Information for Prospective Theory Students
I'm interested in machine learning theory, economics and computation, and things in the intersection of these two fields. I'll try to list some open questions here that I think are interesting. If you are interested in solving any of these questions, please feel free to contact me.
Open Questions: Precision and Recall Learning
For my precision and recall learning paper (with Lee Cohen, Yishay Mansour, and Shay Moran, NeurIPS 2025), there are a few interesting open questions:
-
Finite input space: Note that the negative result in this paper relies on the assumption that the input space X is infinite and each input has been observed at most once in the training data. If the input space X is finite, what will the results look like? Then the sample complexity will depend on the size of |X|. Or other assumptions such that for some x I can observe the same input more than once and thus get two different answers/labels for this same input.
-
Non-uniform label distribution: What if the label in the training data is not sampled from a uniform distribution, i.e., vi is not from Unif(g*(xi))?
-
Pairwise comparison data: If we get pairwise-comparison-type data for post-training, can we learn precision and recall simultaneously?

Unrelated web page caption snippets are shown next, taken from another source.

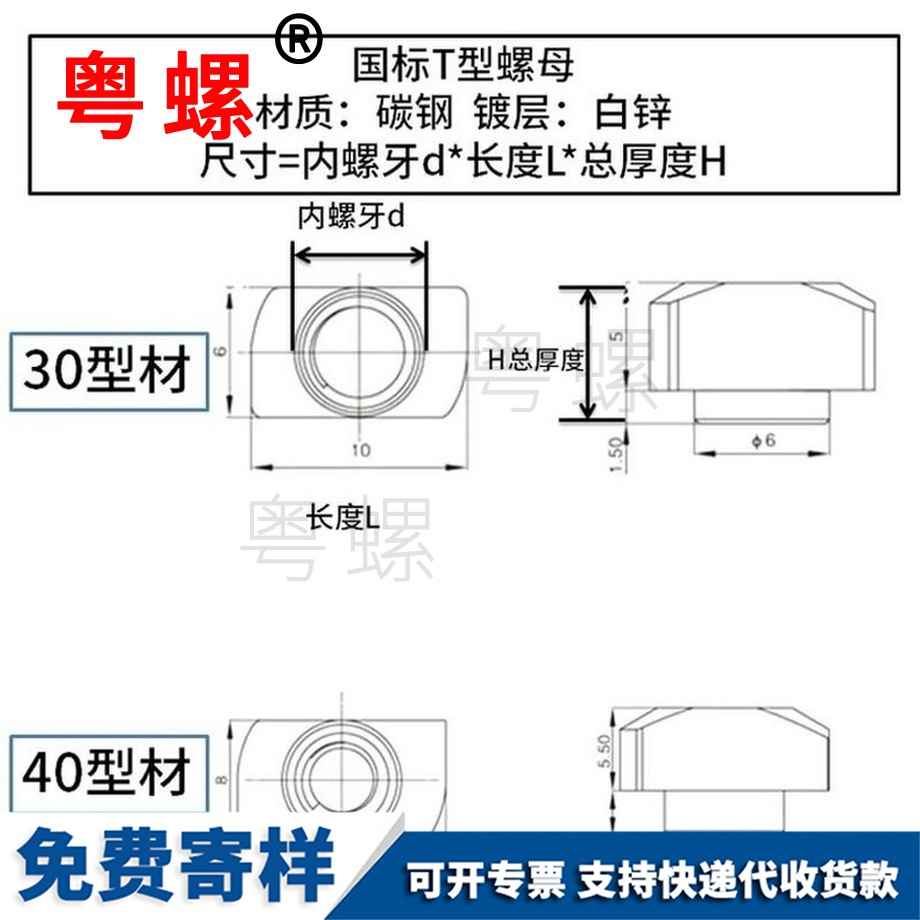 生產(chǎn)鋁型專用國標(biāo)德宏T型螺母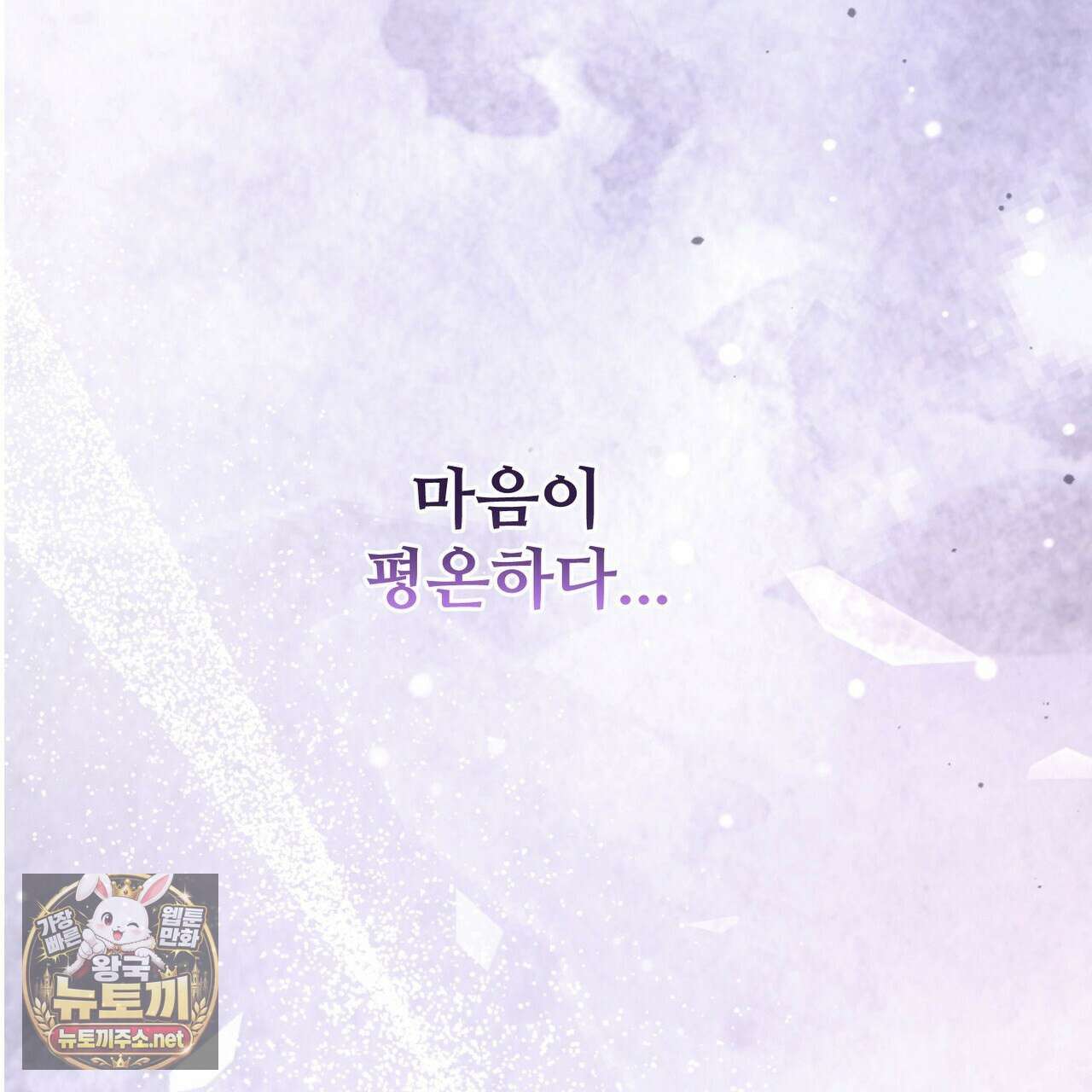 짐승의 낙원 55화 110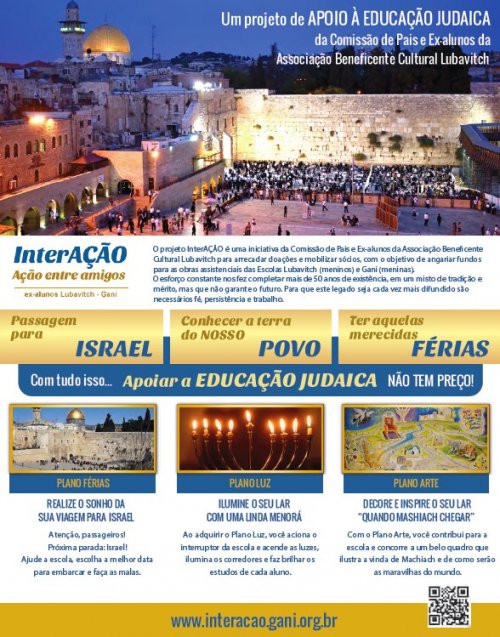 Interacao Judaica - O jeito diferente de ajudar Ganhanho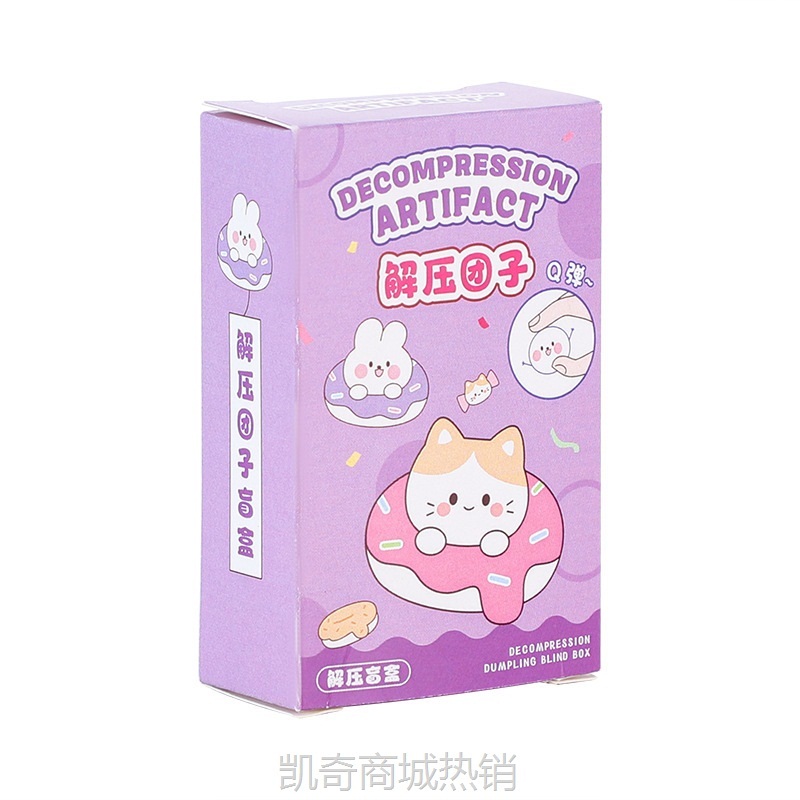 【首单1元】盲盒团子捏捏乐发泄儿童礼物软胶玩具幸运盒盲盒心愿盒空盒礼品盒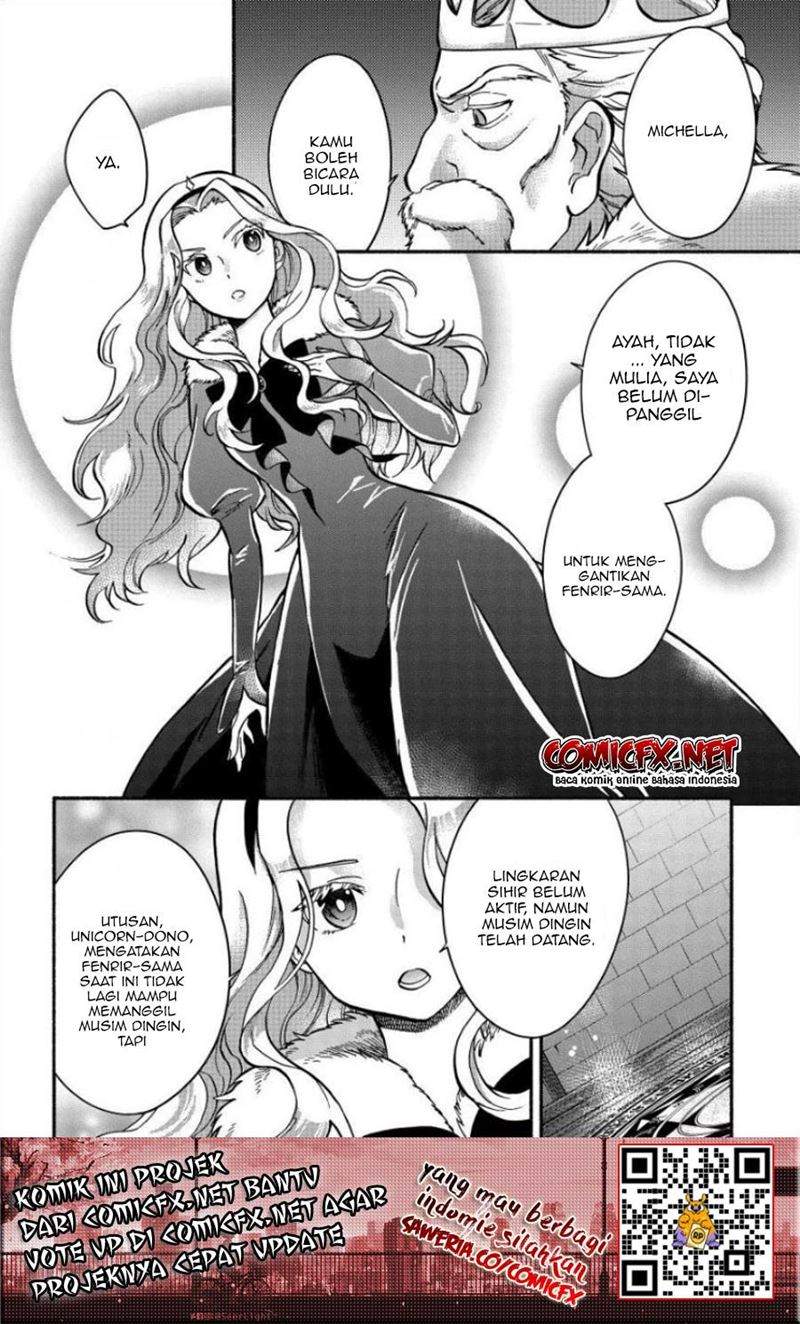 Fuyu Fenriru no Itoshigo to Natta Watashi ga, Zetsubou kara Iyasareteiku Hanashi Chapter 8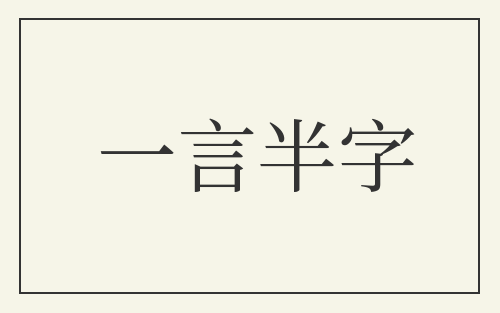 一言半字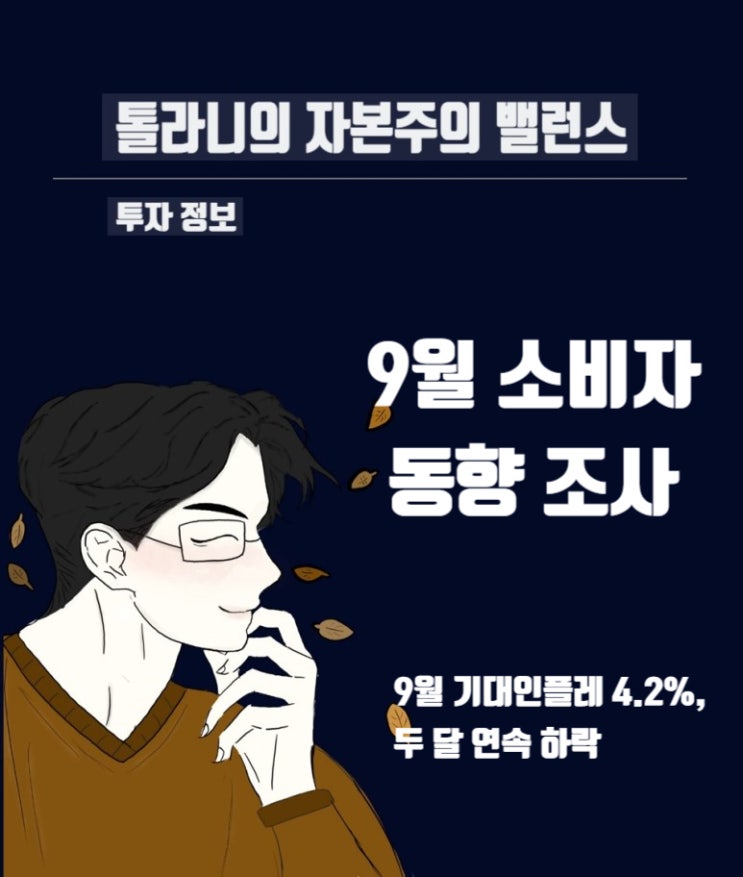 국내 9월 기대인플레 두 달 연속 하락, 국내 9월 소비자심리 및 동향 지수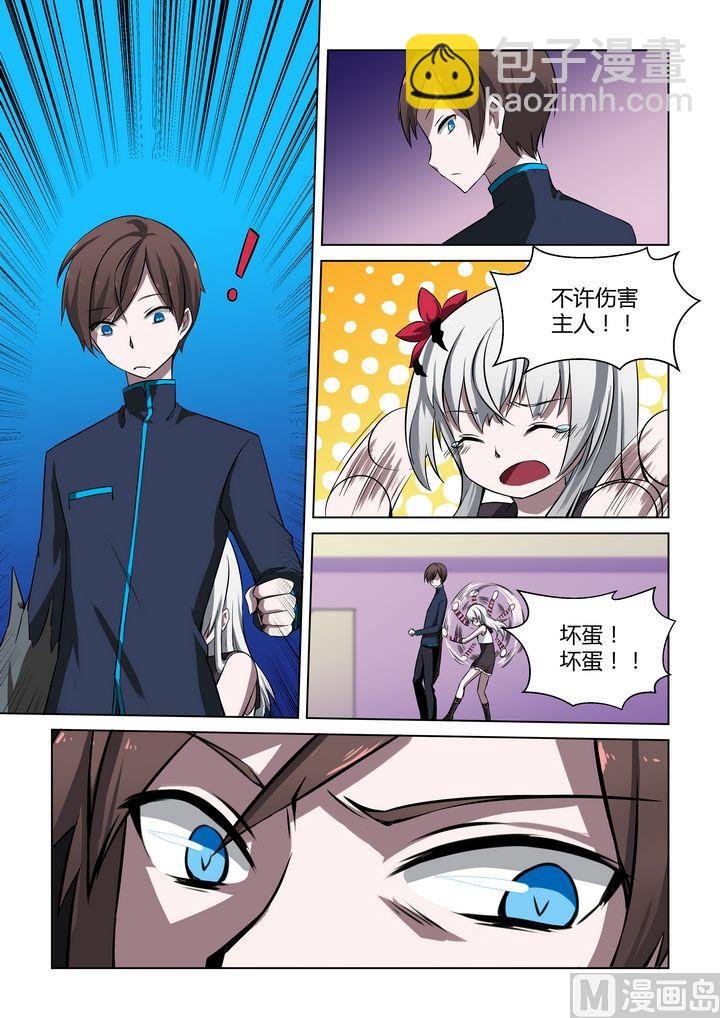 第29话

The first question is more concrete, while the other two require some additional modeling.
Related Papers
-
Density estimation
This paper is technically related to density estimation.
-
Pairwise comparison data
For pairwise-comparison-type of data, it has been discussed in
this paper.
-
Non-uniform distribution
For non-uniform distribution, there is one slightly related
paper.
Machine Learning Theory Basics
For the basics of machine learning theory, I usually teach a learning theory course in the fall. But I only have handwritten notes. You can refer to lecture notes by Nika Haghtalab or the textbook by Shai and Shai.